To further explain in more understandable terms picture this; here we are in 2009 and you and your friend have acquired a space ship that can go 99 percent of the speed of light. Your friend gets in the ship and takes off at near the speed of light. They travel 10 light years then turn right around and comes right back at the same speed. When their trip is over, only three years have gone by for them. But here on earth it is now the year 2029. It took your friend ten earth years to get there and ten earth years to get back but because she was the one in motion only 3 years have gone by for her.
In a way your friend has just time traveled 20 years into the future and it only took 3 years. Now let’s just hope your friend does not change their mind and decide they want to go back in time so things can be the way the used to be. If that is the case it may seem that your friend is out of luck. For high speed motion is a one-way ticket to the future.
But is there a way to get back? The short answer is yes. But what is that way? In 1937 a man named W.J van Stockum published a paper in the Scottish scientific journal. Van Stockum used Einstein’s work to figure out what would happen if an object went into orbit around a rotating cylinder. What he learned was that if this cylinder spun fast enough the object could return to the time before it even left. What this means is that a closed loop in space is also a closed loop in time.
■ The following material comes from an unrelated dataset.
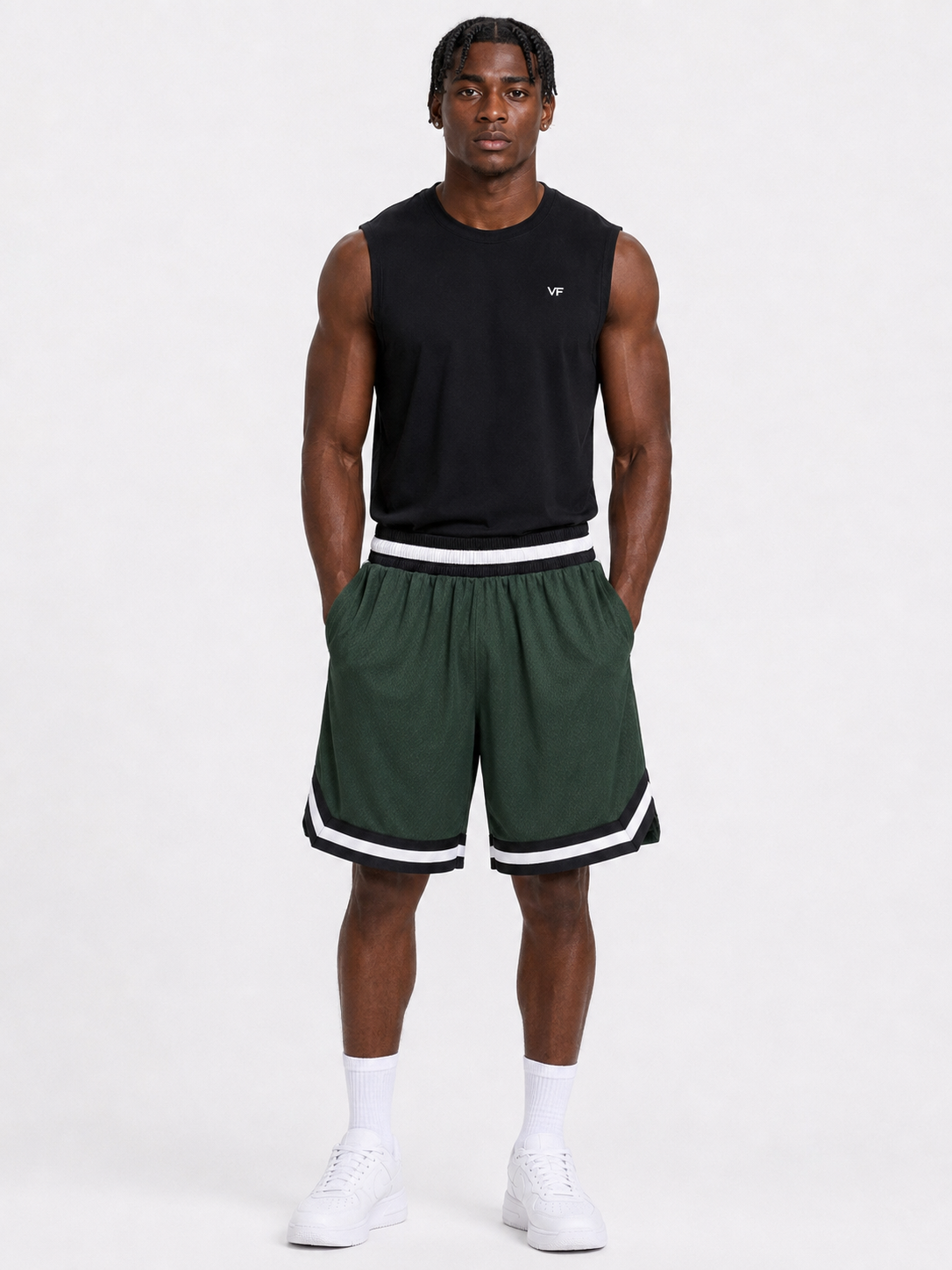 Men’s Basketball Shorts UR-16 – Dark Green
When I first heard about this I wondered why no one really knew much about it. It seems like such a revolutionary discovery. Then I realized the flaw in Van Stockums logic. In order for his idea to work, this cylinder would have to be infinitely long.
About 10 years later however, another person found a much more realistic way of traveling into the past. An Austrian logician named Kurt Godel. Godel learned that if the entire universe were rotating, it should be possible to find orbits in space that actually spiral back into the past.
All though his work in this area was meant more as a simple curiosity than a serious look into the matter, his work slowly led scientists to look into something that was coined “Einstein-Rosen Bridges”, better known today as wormholes.
Worm holes open up the possibility of traveling anywhere (or when) in the universe by shortening the distance between point A and point B rather than shortening the amount of time it takes to get there. This works because to open a wormhole is to fold the universe in on itself.
Think of it this way. Imagine the universe as a piece of paper. On one end of the paper is a dot. That dot is earth. On the other end is a planet that we are interested in exploring. Well this planet is millions of light years away so by conventional means going there is out of the question. Fold that piece of paper in half so that one planet is right above or below the other and you have just shortened the distance between the two by a great amount and therefore have made it possible to go there.
Opening a wormhole loops the universe on itself there by shortening the distance between two objects and just as Van Stockum wrote, a loop in space is also a loop in time. To loop time is to be able to go to any time you wish.
What this all means is that with the help of rapid movement and high speed your friend can travel into the future, and with the help of a wormhole your friend can also go into the past.
As you see, scientists have known how to travel through time for many years. The only thing that has kept us from doing so is a lack of technology. The question is will we ever gain this technology and if so how will it affect the universe and our daily lives? Only time will tell.